Michael Cowley July 31, 2012
James Magnussen and his 4 x 100m freestyle teammates are disappointed on missing a medal. Photo: Supplied
For James Magnussen and his coach Brant Best, the search for answers began immediately. Neither saw the Missile's implosion coming. They had planned for virtually everything, even the unexpected. But this? Suddenly swimming's Superman seemed merely a mortal.
After just 48 seconds early yesterday, what was supposed to be the Olympic Games of his life was suddenly on life support. Magnussen's lead-off swim not only spelt doom for the Australian 4 x 100m relay team, but had the sport's most confident man questioning himself. And for the first time, he had no answers.
The confident Magnussen, happy to state the obvious about his ability, was left on the bottom of the Olympic pool. What emerged from the water was a man in deep shock, terrified he might not find all the answers. Why now? What went wrong? How can I fix it? Can I fix it? ''Words can't describe how I feel,'' said Magnussen. ''I don't know what went wrong. Obviously that's my first big disappointment at international level and I have to regroup from there. Obviously [I'm] bloody really disappointed, but it happens.''
Asked if the pressure of expectation may have played a role, Magnussen replied: ''Of course it is [there], but it's no excuse. I've swum with it before and will swim with it again.''
In the two years Best and Magnussen have been a team, the coach has done everything to mould a raw country kid into the world's best, and the boy from Port Macquarie has done whatever it took to reach the mantle. Now both face their greatest challenge, finding out why it happened when it happened, and making certain it won't happen today when the 100m freestyle begins.
''We can't control [that], it's his first Olympics,'' Best said before they even arrived in London. ''We can't control what everyone else is going to do, but we can control what's going on between the ears to a certain extent and how he approaches it and that's where my focus is.''
He's not ill, or injured, so it's seems pretty clear the area Best will need to work on is between the ears. That is fortunate, as it's the one area where he sees as Magnussen's strength.
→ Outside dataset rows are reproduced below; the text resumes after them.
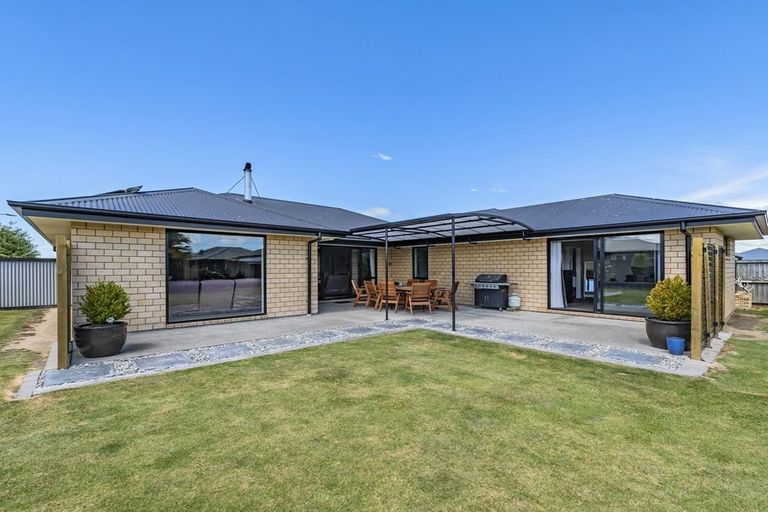 Photo of property in 13 Cressy Place, Darfield, 7510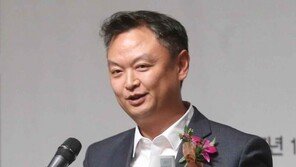 [동아포토]강윤성 감독, 영평상 신인감독상 수상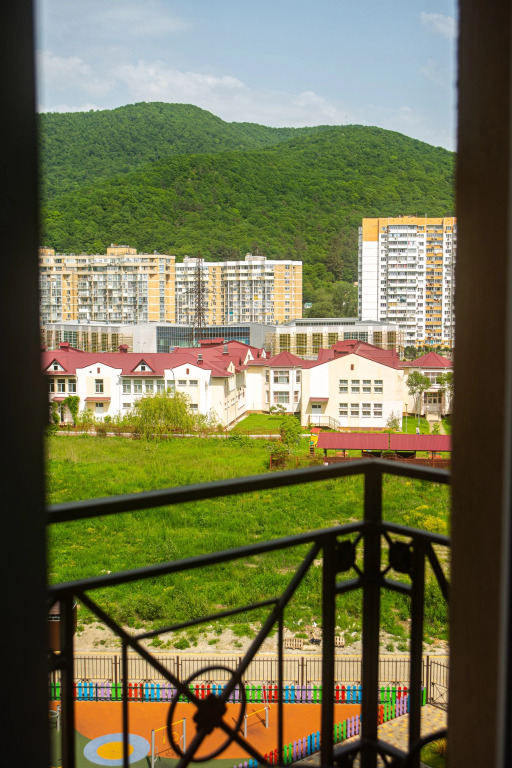 Лазаревское: Квартира с видом на Горы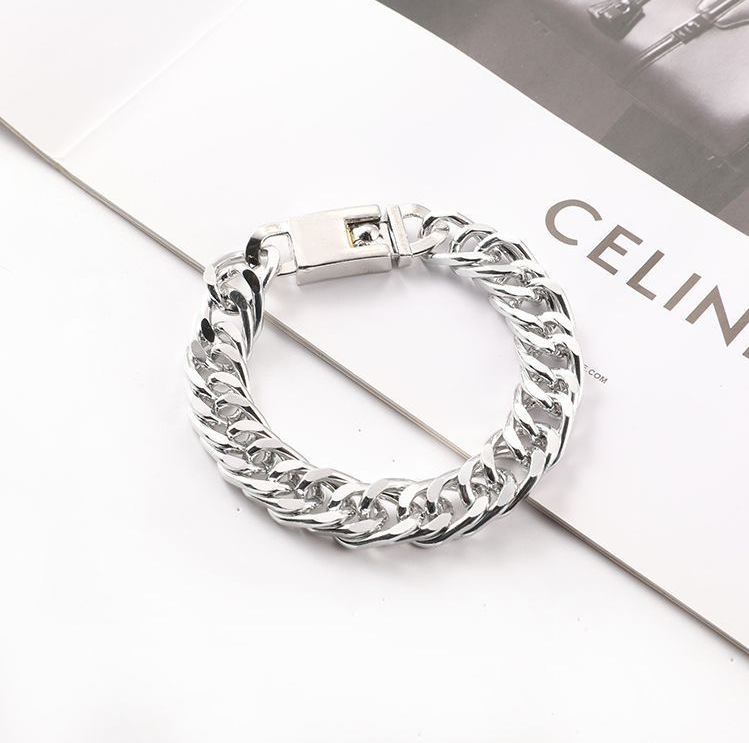 Europa y América moda 18K chapado en oro pulsera personalidad dominante hombres electrochapado aleación doble hebilla moda elegante pulsera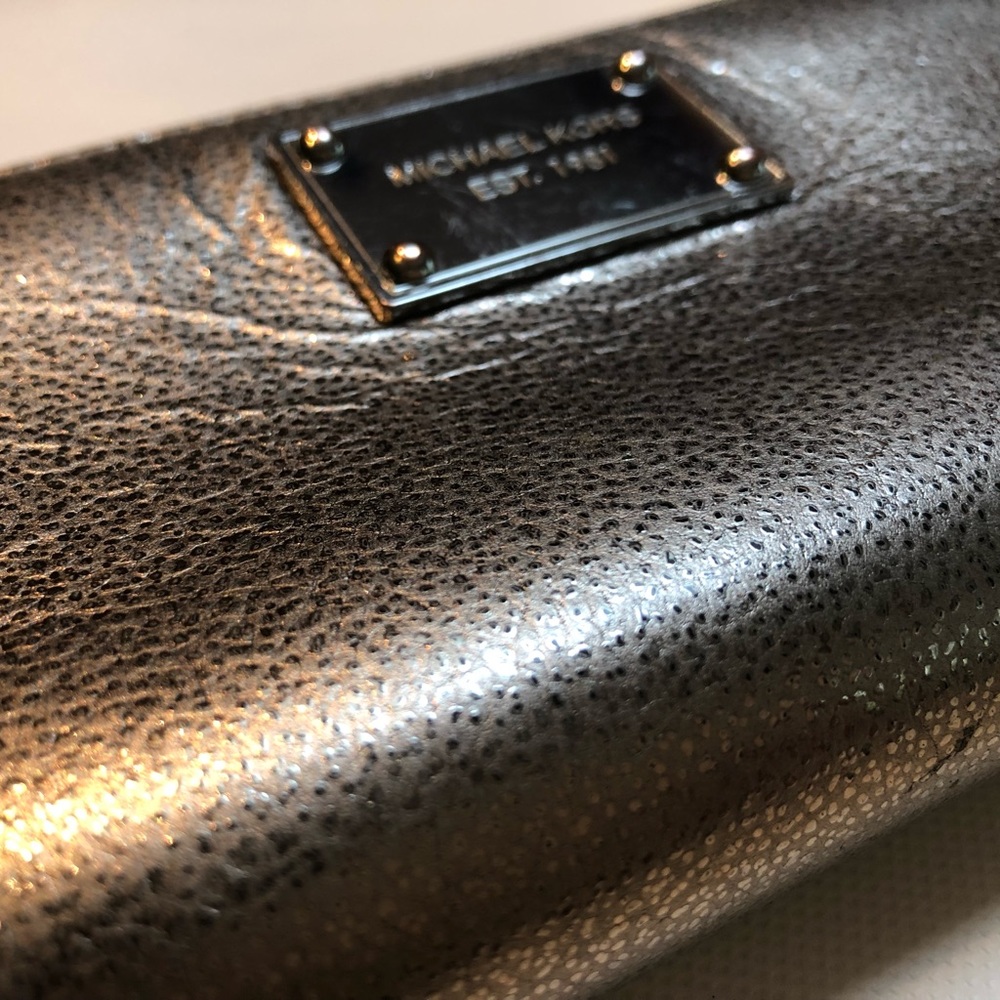 Michael Kors Silver Wallet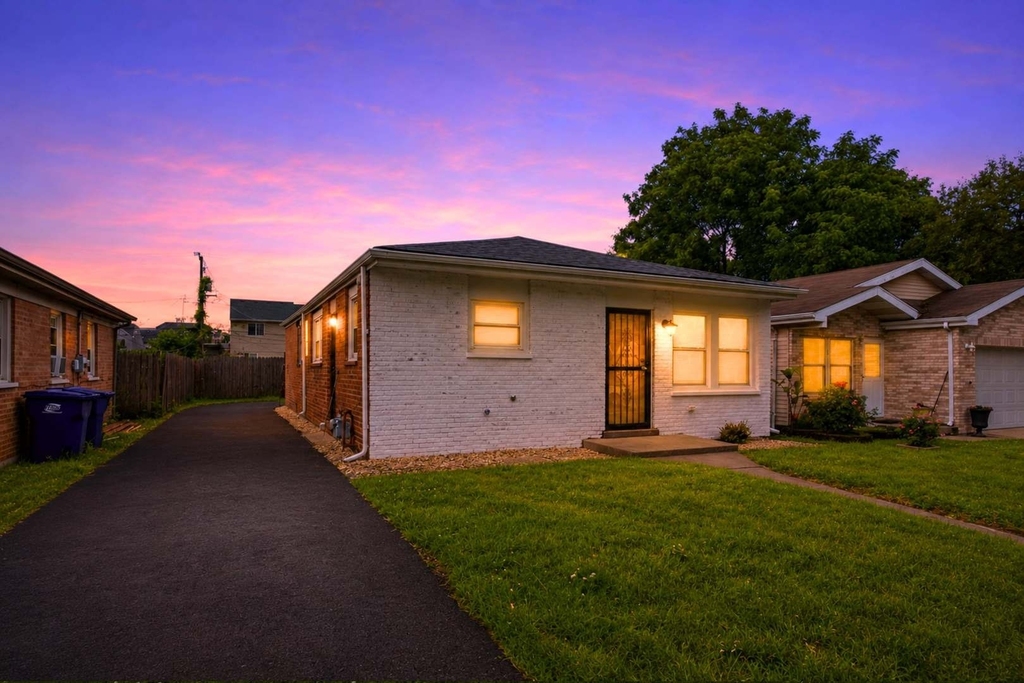 3025 140th Street - Photo 0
''He's as competitive as anyone I have met. He doesn't want to lose at anything,'' said Best. ''He's a big strong boy and it's good to have him six foot five [195 centimetres], and if I tell him he's got to lose some muscle to get some speed, he'll lose muscle to get some speed despite the fact he wants to look good at the beach. He wants to go fast even more. He wants to win.''
For the past two years, Best and Magnussen have planned for this day to arrive. Every pool session, every drip of sweat in the gym, the training camps, the competitions. All for the next 300m Magnussen will swim - a heat, semi-final, and then, hopefully a gold medal performance in the 100m freestyle final.
It all really began when Magnussen walked through the door at the Macquarie University pool back in 2010. Having come to town from Port Macquarie to study business and swim at the university, ''the big bloke who could swim fast'' still needed the rough edges trimmed.
''My first memories were there is a big bloke who can swim fast but has a lot we've got to improve on, which potentially means there is a lot we can do to make him go quicker,'' Best said. ''He was a bit over-muscled, not flexible enough, but ambitious and had a fight in him. He was a super-competitive kind of kid, it was just how we channelled that ambition.
''I've had plenty of talented kids, but talent doesn't mean a lot without a mental application that works. I think the big turning point where he had that application was straight after he got on his first [national] team. You could almost see the penny drop and him go: 'Holy shit I can do this'. I was asking him to step up beyond his comfort zone and as soon as he saw there would be a reward for that, it rolled on from there.''
Since yesterday Magnussen has been so far outside his comfort zone, he must have wondered if he would ever see it again. Today we will all see if he has made his way back in time.